A las ocho en punto, Brunetti, duchado y afeitado y con una botella de Barbera debajo del brazo, tocó el timbre de la casa situada a la derecha de la fuente del ramo Dietro gl'Incurabili. La fachada de la casa, que tenía un solo timbre y, por consiguiente, representaba el mayor de los lujos -un edificio aislado, propiedad de una sola persona-, estaba cubierta de jazmines que ascendían de dos tiestos de barro cocido situados a cada lado de la entrada. Padovani abrió la puerta casi al momento y tendió la mano a Brunetti. Su apretón era enérgico y cordial. Sin soltar a su visitante, lo atrajo al interior.

– Quítate del calor. Debo de estar loco para volver a Roma con esta temperatura, pero allí por lo menos tengo un apartamento climatizado.

Soltó la mano de Brunetti y retrocedió un paso. Como suelen hacer dos personas que llevan mucho tiempo sin verse, se examinaban el uno al otro con disimulo, para descubrir posibles cambios. ¿Más grueso, más delgado, más canoso, más viejo?

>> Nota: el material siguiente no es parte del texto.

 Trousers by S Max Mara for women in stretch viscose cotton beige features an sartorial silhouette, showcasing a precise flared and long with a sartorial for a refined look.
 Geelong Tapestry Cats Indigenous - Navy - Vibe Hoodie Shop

Brunetti, después de convencerse de que Padovani conservaba el aspecto del gorila que, desde luego, no era, miró en derredor. Se encontraba en un espacio cuadrado, de dos pisos de altura, cubierto por un tejado con claraboyas. Una escalera de madera ascendía a una galería situada a media altura, que recorría las cuatro paredes del cuadrilátero, abierta en tres lados y cerrada en el cuarto, que debía de contener el dormitorio.

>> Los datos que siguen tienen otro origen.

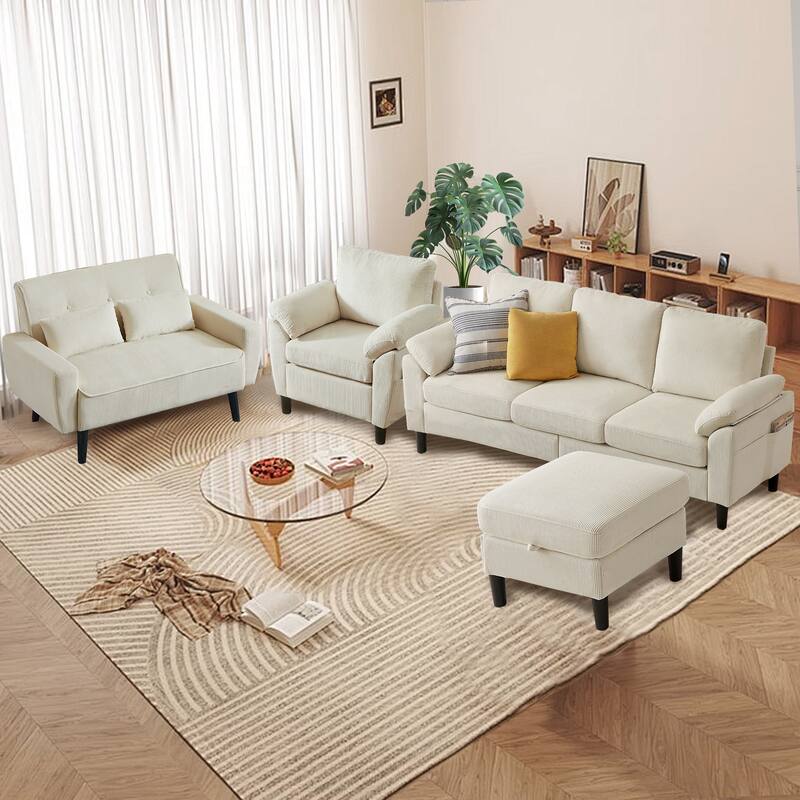 4-Piece Living Room Sectional Sofa Set with Loveseat and Chair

– ¿Qué era esto? ¿Una carpintería de ribera? -preguntó Brunetti, recordando el pequeño canal que discurría frente a la puerta. Sería fácil izar hasta aquí las barcas que trajeran a reparar.

– Premio. Cuando lo compré, aquí dentro aún se trabajaba, y el tejado tenía unos boquetes del tamaño de sandías.

– ¿Cuánto hace que lo tienes? -preguntó Brunetti mientras hacía un cálculo aproximado del trabajo y el dinero invertidos en el local, para darle el aspecto que ahora tenía.

– Ocho años.

– Has hecho muchas cosas. Y es una suerte no tener vecinos. -Brunetti le tendió la botella envuelta en papel de seda.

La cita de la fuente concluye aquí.